◆ **WHAT YOU NEED TO DO**
When you reach the listing below, copy each line exactly.
-.-.-
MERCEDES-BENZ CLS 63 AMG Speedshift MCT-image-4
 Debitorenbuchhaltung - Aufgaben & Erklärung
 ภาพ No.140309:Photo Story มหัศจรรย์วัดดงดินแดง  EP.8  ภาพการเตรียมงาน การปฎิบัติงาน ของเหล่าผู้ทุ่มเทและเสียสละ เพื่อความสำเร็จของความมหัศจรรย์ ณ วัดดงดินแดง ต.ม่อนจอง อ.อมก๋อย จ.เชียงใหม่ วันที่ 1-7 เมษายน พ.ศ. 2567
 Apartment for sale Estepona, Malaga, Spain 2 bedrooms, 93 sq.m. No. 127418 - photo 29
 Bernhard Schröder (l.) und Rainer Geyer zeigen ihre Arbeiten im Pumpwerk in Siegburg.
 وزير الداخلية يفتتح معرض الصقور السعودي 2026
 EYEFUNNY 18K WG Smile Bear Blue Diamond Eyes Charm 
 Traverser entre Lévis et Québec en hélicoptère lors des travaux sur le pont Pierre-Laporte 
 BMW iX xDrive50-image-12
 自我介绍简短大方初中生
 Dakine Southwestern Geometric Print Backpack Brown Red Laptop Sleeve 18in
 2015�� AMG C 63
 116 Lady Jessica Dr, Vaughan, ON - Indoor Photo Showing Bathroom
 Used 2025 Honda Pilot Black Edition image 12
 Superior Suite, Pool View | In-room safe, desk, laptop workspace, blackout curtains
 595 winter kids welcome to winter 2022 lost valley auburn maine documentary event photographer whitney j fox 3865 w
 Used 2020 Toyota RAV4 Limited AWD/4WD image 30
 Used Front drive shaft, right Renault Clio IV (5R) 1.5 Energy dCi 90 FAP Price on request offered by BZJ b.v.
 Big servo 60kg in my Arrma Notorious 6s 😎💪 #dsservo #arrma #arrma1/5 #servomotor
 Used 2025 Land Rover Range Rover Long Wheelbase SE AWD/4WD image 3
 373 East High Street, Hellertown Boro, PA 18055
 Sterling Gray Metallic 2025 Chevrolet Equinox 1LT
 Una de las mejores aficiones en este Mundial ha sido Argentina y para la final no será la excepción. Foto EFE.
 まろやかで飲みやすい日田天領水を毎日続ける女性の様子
-.-.-
◆ **OUTPUT FOR THIS EXERCISE**
MERCEDES-BENZ CLS 63 AMG Speedshift MCT-image-4
 Debitorenbuchhaltung - Aufgaben & Erklärung
 ภาพ No.140309:Photo Story มหัศจรรย์วัดดงดินแดง  EP.8  ภาพการเตรียมงาน การปฎิบัติงาน ของเหล่าผู้ทุ่มเทและเสียสละ เพื่อความสำเร็จของความมหัศจรรย์ ณ วัดดงดินแดง ต.ม่อนจอง อ.อมก๋อย จ.เชียงใหม่ วันที่ 1-7 เมษายน พ.ศ. 2567
 Apartment for sale Estepona, Malaga, Spain 2 bedrooms, 93 sq.m. No. 127418 - photo 29
 Bernhard Schröder (l.) und Rainer Geyer zeigen ihre Arbeiten im Pumpwerk in Siegburg.
 وزير الداخلية يفتتح معرض الصقور السعودي 2026
 EYEFUNNY 18K WG Smile Bear Blue Diamond Eyes Charm 
 Traverser entre Lévis et Québec en hélicoptère lors des travaux sur le pont Pierre-Laporte 
 BMW iX xDrive50-image-12
 自我介绍简短大方初中生
 Dakine Southwestern Geometric Print Backpack Brown Red Laptop Sleeve 18in
 2015�� AMG C 63
 116 Lady Jessica Dr, Vaughan, ON - Indoor Photo Showing Bathroom
 Used 2025 Honda Pilot Black Edition image 12
 Superior Suite, Pool View | In-room safe, desk, laptop workspace, blackout curtains
 595 winter kids welcome to winter 2022 lost valley auburn maine documentary event photographer whitney j fox 3865 w
 Used 2020 Toyota RAV4 Limited AWD/4WD image 30
 Used Front drive shaft, right Renault Clio IV (5R) 1.5 Energy dCi 90 FAP Price on request offered by BZJ b.v.
 Big servo 60kg in my Arrma Notorious 6s 😎💪 #dsservo #arrma #arrma1/5 #servomotor
 Used 2025 Land Rover Range Rover Long Wheelbase SE AWD/4WD image 3
 373 East High Street, Hellertown Boro, PA 18055
 Sterling Gray Metallic 2025 Chevrolet Equinox 1LT
 Una de las mejores aficiones en este Mundial ha sido Argentina y para la final no será la excepción. Foto EFE.
 まろやかで飲みやすい日田天領水を毎日続ける女性の様子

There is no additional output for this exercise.